It seems as though there is one question asked of Weigand’s farm and ranch team more than any other: “How are land prices?” Many Kansas residents feel connected to the farming, ranching, and hunting properties that we have the great fortune of selling across the state. Our team is uniquely situated to assess the land market’s performance in different parts of the state due to the wide geographic area we cover. How are land prices? Well, it depends.
Currently, market conditions in the agriculture sector have caused sales volume to decrease. Farmers continue to grind through a tough economic situation as commodity prices trend lower and difficult weather patterns have persisted this past year. There are also concerns that the current political environment and world economic factors could affect the livelihood of Kansas farmers and ranchers. On the plus side, the price of oil has stabilized somewhat, benefiting some farmers and ranchers.
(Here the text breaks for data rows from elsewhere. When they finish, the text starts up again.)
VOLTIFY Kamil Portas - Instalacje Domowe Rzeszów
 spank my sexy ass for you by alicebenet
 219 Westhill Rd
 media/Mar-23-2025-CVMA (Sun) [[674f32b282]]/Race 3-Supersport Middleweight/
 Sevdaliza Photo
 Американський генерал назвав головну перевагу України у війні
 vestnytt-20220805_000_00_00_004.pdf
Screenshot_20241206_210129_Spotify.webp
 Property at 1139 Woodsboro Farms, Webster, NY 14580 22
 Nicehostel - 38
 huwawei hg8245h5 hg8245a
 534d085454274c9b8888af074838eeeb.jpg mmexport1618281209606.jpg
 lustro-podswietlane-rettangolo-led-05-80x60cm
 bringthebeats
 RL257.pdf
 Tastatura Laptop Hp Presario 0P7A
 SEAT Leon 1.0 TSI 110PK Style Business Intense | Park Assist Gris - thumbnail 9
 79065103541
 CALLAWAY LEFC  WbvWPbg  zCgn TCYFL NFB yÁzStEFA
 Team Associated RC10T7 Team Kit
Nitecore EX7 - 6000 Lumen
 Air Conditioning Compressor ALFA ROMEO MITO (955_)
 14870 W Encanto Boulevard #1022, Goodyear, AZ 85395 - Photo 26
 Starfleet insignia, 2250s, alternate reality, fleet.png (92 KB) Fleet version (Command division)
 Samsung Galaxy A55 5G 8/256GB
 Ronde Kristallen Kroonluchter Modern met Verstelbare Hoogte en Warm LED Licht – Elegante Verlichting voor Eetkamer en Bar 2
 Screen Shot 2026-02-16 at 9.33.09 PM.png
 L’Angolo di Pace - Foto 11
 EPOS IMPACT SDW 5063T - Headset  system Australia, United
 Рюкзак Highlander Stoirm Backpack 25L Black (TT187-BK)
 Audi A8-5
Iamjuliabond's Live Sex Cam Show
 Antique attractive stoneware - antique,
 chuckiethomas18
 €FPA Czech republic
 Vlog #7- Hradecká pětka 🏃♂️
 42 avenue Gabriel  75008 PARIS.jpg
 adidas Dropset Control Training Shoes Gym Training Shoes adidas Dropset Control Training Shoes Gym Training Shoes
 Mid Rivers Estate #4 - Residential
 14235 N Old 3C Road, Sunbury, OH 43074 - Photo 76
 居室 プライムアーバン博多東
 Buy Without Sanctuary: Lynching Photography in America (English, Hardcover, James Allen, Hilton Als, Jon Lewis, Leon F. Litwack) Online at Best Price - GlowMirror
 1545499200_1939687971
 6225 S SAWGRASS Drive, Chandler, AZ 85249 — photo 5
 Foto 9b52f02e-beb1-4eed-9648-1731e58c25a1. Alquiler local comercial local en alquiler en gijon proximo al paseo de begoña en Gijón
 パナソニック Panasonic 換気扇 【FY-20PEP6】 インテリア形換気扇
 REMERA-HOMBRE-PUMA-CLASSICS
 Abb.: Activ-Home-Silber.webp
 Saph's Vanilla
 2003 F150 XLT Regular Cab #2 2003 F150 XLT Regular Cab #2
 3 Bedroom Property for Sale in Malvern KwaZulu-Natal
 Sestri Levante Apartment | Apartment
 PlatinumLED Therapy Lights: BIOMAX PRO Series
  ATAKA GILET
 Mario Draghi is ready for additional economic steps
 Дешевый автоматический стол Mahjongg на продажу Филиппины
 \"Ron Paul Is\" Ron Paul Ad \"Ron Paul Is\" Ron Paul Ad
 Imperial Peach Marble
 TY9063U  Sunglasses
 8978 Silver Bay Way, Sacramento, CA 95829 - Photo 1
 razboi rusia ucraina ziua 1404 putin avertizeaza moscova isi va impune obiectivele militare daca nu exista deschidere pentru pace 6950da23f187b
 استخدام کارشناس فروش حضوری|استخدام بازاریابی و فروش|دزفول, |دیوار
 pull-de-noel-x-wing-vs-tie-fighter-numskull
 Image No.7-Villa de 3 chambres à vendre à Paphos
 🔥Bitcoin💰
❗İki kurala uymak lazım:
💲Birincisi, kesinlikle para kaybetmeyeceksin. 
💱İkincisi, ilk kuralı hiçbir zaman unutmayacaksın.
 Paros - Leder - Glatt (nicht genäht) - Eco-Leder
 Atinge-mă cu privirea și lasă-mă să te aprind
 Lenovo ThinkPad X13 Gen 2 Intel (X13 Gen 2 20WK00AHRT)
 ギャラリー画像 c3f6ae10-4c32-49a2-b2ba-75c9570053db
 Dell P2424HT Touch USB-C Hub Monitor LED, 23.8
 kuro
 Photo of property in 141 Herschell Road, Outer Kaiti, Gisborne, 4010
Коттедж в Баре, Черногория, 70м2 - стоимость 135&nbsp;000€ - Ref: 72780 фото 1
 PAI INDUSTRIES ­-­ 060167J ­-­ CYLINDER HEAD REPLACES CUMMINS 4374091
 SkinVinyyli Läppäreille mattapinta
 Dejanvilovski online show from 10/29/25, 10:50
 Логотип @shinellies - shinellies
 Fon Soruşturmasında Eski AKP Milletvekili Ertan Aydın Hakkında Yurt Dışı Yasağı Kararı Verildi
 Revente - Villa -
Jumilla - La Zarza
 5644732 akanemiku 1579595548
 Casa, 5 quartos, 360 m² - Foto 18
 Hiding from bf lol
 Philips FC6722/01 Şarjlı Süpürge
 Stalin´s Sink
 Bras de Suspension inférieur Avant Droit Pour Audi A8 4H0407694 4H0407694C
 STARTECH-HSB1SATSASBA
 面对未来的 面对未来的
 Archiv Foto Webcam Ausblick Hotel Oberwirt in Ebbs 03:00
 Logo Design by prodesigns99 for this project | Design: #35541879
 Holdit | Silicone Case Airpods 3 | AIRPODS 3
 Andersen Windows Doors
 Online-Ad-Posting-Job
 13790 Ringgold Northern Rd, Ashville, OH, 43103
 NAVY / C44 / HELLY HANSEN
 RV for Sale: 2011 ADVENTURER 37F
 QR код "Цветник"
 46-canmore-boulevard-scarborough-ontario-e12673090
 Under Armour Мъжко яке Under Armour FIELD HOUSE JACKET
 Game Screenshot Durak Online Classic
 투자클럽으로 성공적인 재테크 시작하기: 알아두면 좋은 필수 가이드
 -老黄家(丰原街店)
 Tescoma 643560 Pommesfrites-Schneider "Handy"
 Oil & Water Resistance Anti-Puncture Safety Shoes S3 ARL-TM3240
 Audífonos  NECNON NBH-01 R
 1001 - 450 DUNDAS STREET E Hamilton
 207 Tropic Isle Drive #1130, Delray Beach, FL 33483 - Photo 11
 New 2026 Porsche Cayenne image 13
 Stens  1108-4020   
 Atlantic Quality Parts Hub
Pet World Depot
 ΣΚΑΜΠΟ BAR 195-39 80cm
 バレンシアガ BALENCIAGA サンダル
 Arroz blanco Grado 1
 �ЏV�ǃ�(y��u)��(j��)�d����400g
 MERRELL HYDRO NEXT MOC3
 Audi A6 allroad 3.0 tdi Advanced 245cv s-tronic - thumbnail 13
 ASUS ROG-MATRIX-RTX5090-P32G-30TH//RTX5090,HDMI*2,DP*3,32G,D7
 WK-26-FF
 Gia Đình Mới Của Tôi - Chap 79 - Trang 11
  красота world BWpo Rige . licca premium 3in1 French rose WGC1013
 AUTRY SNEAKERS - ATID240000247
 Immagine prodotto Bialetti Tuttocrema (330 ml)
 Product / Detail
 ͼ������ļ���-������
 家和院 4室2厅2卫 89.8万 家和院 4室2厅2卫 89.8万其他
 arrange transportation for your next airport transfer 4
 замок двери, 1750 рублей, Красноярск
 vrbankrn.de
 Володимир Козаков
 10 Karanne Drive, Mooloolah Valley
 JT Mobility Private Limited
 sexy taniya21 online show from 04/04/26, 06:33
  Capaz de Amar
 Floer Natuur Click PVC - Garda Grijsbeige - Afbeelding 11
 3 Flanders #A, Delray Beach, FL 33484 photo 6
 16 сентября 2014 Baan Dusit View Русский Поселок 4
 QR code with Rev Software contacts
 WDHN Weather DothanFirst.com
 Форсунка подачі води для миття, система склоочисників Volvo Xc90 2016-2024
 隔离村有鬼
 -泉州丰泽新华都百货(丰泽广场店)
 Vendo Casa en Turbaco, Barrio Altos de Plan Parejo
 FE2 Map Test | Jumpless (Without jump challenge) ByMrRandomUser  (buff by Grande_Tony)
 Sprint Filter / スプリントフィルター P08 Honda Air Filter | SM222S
These combined factors have ultimately resulted in a lower supply of land for sale and the farm and ranch sector seeing one of the lowest volumes of farmland sold in recent times.
Patterns in today’s land market are more sporadic than they have been in the past. While some sales are producing strong numbers, there are a number of auctions across the state with no sales. Kansas’s different regions are performing at varying levels. West of Sedgwick County there has been a greater decline in farmland and pasture prices, although they seem to be more stabilized this year. East of Sedgwick County there are strong land prices with higher demand. The land in close proximity to the Wichita metro area continues to generate strong interest and sale prices. As a result of the strength of the economy and business community, quality hunting and recreational properties are in high demand as well.
Across the state, the farm and ranch sector has remained steady considering some of the market challenges being faced. The combination of a lower supply of land on the market, the presence of cash buyers, strong business economics, and the desire to add land to portfolios as a diversified asset have helped keep land prices more stable than anticipated.